Regulate Tech More Say Californians
The technology industry should be more regulated say 58% of 1,500 Californians responding to a January 2019 survey by Edelman Trust Barometer (Edelman.com). That compares with the 46% Edelman surveyed in 2018. And 69% of tech workers in the sample say their industry has been under-rather than over-regulated.
Still, 92% believe the industry ”is good at what it does,” and 78% want an ok to be active members of the communities in which they operate.
China Publishing More Top AI Papers than U.S.
If current trends continue, China will publish more of the 10% most- cited AI papers than the U.S. in 2020, and more of the 1% most-cited papers by 2025. That’s what Field Cady and Oren Etzioni of the Allen Institute for Artiﬁcial Intelligence learned from the Semantic Scholar project’s analysis of more than two million academic AI papers published through the end of 2018.
“Citation counts are a lagging indicator of impact, so our results may understate the rising impact of AI research originating in China,” they write (medium.com, March 13). “This focus on high-impact papers,” they add, “shows a clear trend of Chinese ascendance in the ﬁeld of AI.”

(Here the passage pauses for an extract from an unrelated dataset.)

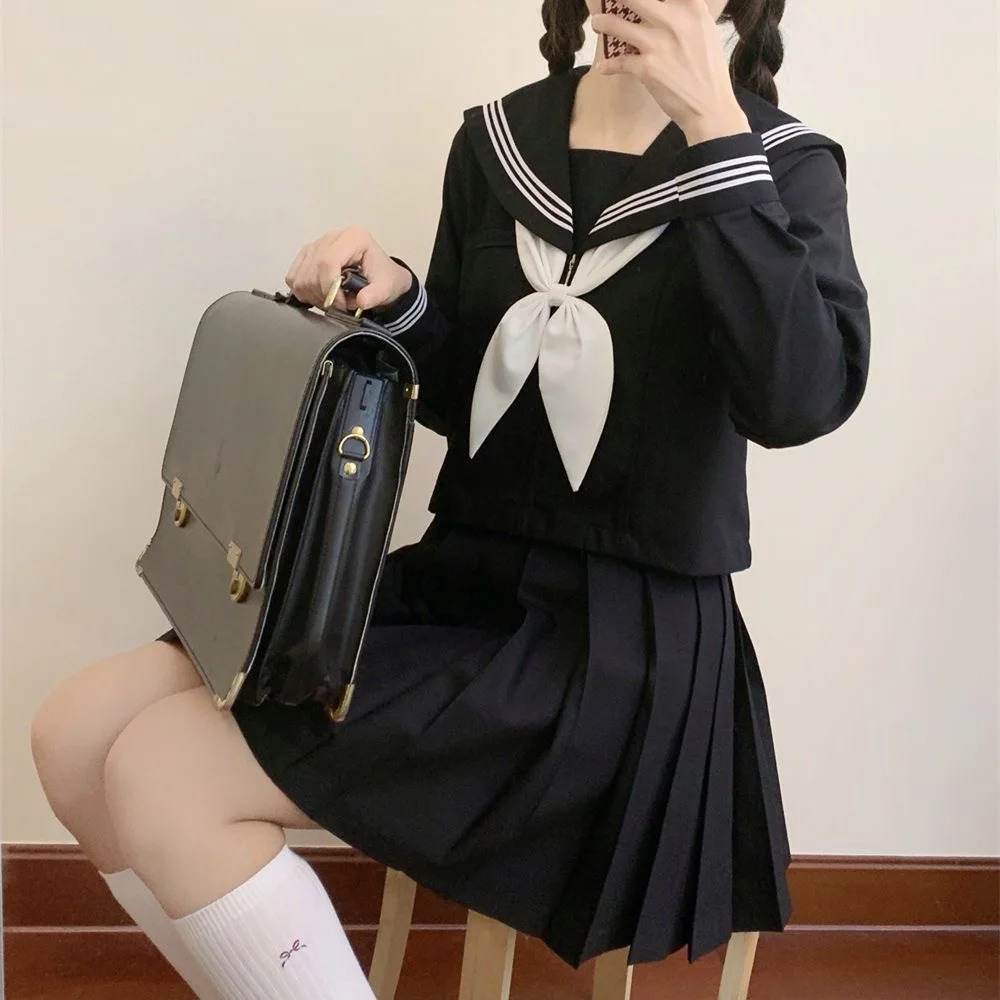 Japanese School Uniforms Style Student Girls Navy Costume Women Sexy Black JK Long Dress Suit Sailor Blouse Pleated Skirt Set 240617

Blockchain Online Payment Network Planned
Akamai Technologies and Mitsubishi UF J Financial Group will form a joint venture with plans for a blockchain-based online payment network. Their Global Open Network will enable “next-generation transaction security, scale and responsiveness,” according to the announcement.
U.S. R&D May Have Risen to $542 billion in 2017
Latest data from the National Science Foundation’ s Center for Science and Engineering Statistics indicate that research and experimental development performed in the U.S. totaled $515.3 billion in 2016 (current dollars). Estimated total for 2017, based on performer-reported expectations, is $542.2 billion.
These totals compare with $404.8 billion (current dollars) for U.S. R&D in 2008, just before the onset of the main economic effects of the ﬁnancial crisis and recession. Details in InfoBriefs, NSF 19-308, Feb. 27, 2019.
Project $3 trillion IoT Market by 2026
Integration of all our devices with internet connectivity should boost IoT market to over $3 trillion annually by 2026, according to the third annual Global IoT Executive Survey from Business Insider Intelligence newsletter (businessinsider.com).
Based on responses from 400 executives around the world, Business Insider projects the 10 billion devices in 2018 will have surged to more than 64 billion by 2025.
IBM’s Cloud Predictions
Integrated public and private clouds will replace “one cloud ﬁts all” for many organization in 2019. That’s the ﬁrst of ﬁve IBM cloud predictions from IBM “Cloud computing news,” Dec 31, 2018. (ibm.com). The others: More companies will embrace open cloud technology; teams will need new skills for API management, data integration and more; security best practices will be essential; edge computing will “explode.”
The Blockbuster in Bend, Oregon became the sole remaining Blockbuster on Earth when the last Australian store closed in March, according to the Australian Associated Press report on cnet.com, 3/7/2019.
Blockbuster peaked in 2004, when it had 60,000 employees and 9,000 stores worldwide, International Business Times reported. Market value of the home movie/video game rental chain was $5 billion and revenues were $5.9 billion then. Competition from streaming services received some of the blame.
Cutting AI Training Time ‘Drastically’
North Carolina State University researchers have announced a technique that cuts training time for deep learning networks by as much as 68% without sacriﬁcing accuracy.The technique was reported in a paper by Xipeng Shen, a professor of computer science at NC State, and Ph.D. students Lin Ning and Hui Guan.
“One of the biggest challenges facing the development of new AI tools is the amount of time and computing power it takes to train deep learning networks to identify and respond to the data patterns that are relevant to their applications.,” said Prof. Shen. “We’ve come up with a way to expedite that process, which we call Adaptive Deep Reuse. We have demonstrated that it can reduce training times by up to 69 percent without accuracy loss.”
Tests on three networks and data sets widely used as deep learning test beds “demonstrates that the technique drastically reduces training times,” said Hui Guan.
The paper, “Adaptive Deep Reuse: Accelerating CNN Training on the Fly,” was presented at the 35th IEEE International Conference on Data Engineering, April 8-11 in Macau SAR, China.